Sir Isaac Newton had revolutionized scientific thought with his Laws of Physics. Surely if there would be laws governing nature, there would be laws governing people and society as well. It was Voltaire including his ideas in the seminal ‘Letters concerning the English nation’ that multiplied Newton’s impact on the enlightenment.

Britain was making the greatest economic advances in the eighteenth century. Science was used for industrial progress and growth. The struggles of the seventeenth century meant that the most productively progressive classes or individuals were free to experiment or set up businesses as they wish. The Lunar Society of Birmingham was the prominent of the provincial societies that did do much to advance society scientifically, politically and economically. Members included the inventor James Watt, the chemist Priestley and the pottery maker Josiah Wedgewood.

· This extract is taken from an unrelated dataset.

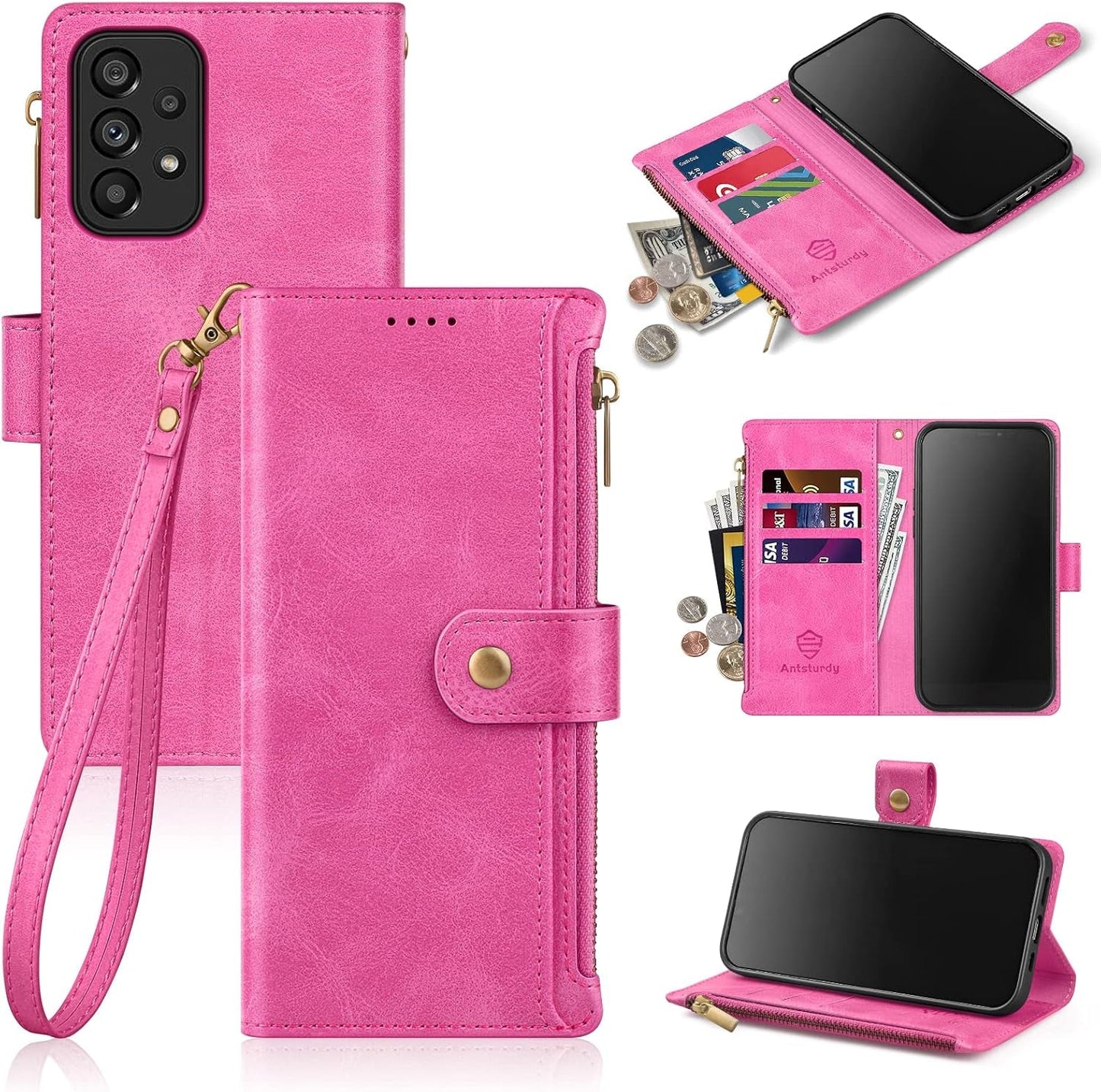 Antsturdy Samsung Galaxy A53 5G Case Wallet with Card Holder for Women Men,Galaxy A53 5G Phone Case RFID Blocking PU Leather Flip Shockproof Cover with Strap Zipper Credit Card Slots,Beige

In Britain the enlightenment was intended to mark man’s progress away from medieval superstition and ignorance, to break the power and influence of the churches. Liberty, equality and fraternity were the by words of enlightened thought and were used as the slogans of Revolutionary France, even if they seem contradicted by Napoleon’s imperial wars. The French Revolution did spread revolutionary and enlightenment ideas, although the impact in Britain was slight except for the call for Parliamentary reform. Britain was not economically affected by the abolition of the serfdom that followed in the wake of enlightenment, its serfs had gained their freedom long before. Politically there were calls for reforms after the loss of the American colonies. Britain soon recovered economically and militarily from that loss but the huge cost of helping the Americans drove the French government to bankruptcy.

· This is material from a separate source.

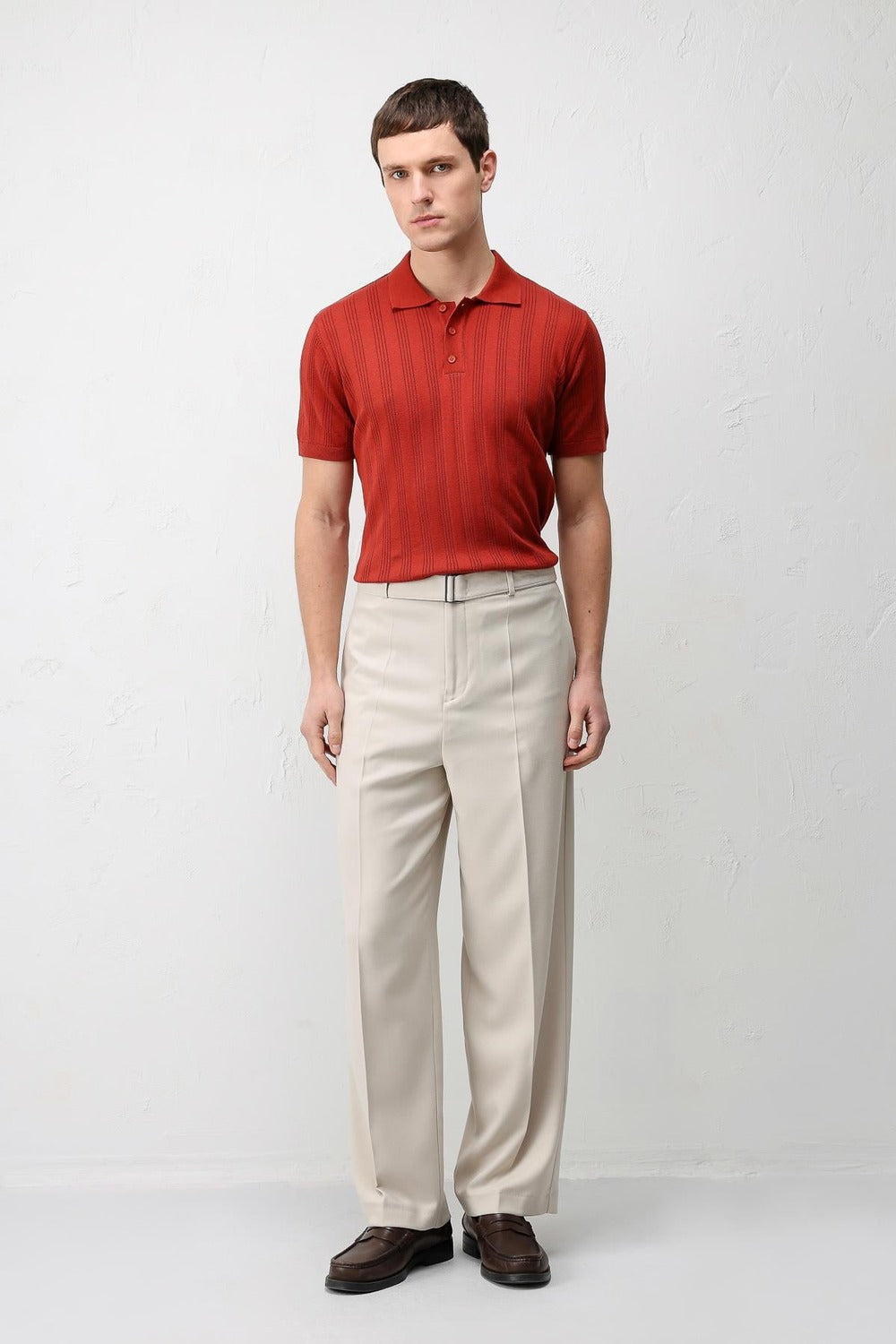 Antioch Kırmızı Dokulu Triko Erkek Polo T-Shirt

Academically, the English did not produce anybody of the same caliber or influence as Bacon, Locke, Hobbes or Newton had been in the seventeenth century. This was probably due to the poor state of universities in England. On the other hand the Scots produced a handful of notable academics, besides the renowned Adam Smith and David Hume. For instance there was the moralist Francis Hutcheson, the sociologist Adam Ferguson and the historian William Robertson. Adam Smith is most famous for the book The Wealth of Nations which is a rational explanation of how capitalism works and advocates that free trade will increase the wealth of all nations. Smith can be regarded as the founder of economic studies. David Hume was an athiest philospher and historian, who could not become a professor in Scotland due to his atheism. His most influential work was A Treatise of Human Nature that carried on the empiricist work of Locke. He expounded his atheism in the Dialogues concerning Natural Religion that was published after his death.

History is an upward trend of progress not on a plateau of stagnation or of decline. Reason when fully applied could lead to a perfect society and perfect individuals. Liberalism in its classical bourgeois guise was shaped by the enlightenment, although it was a reflection of the capitalist trading system that gave Britain her wealth. Liberalism owed more to Hobbes than Voltaire or Rousseau for its emphasis on individualism and rationalism. Liberalism was more daring economically that politically: capitalism was much stronger than any bourgeois state that could be threatened by the absolutist monarchists or the proletarians such as the Paris mob.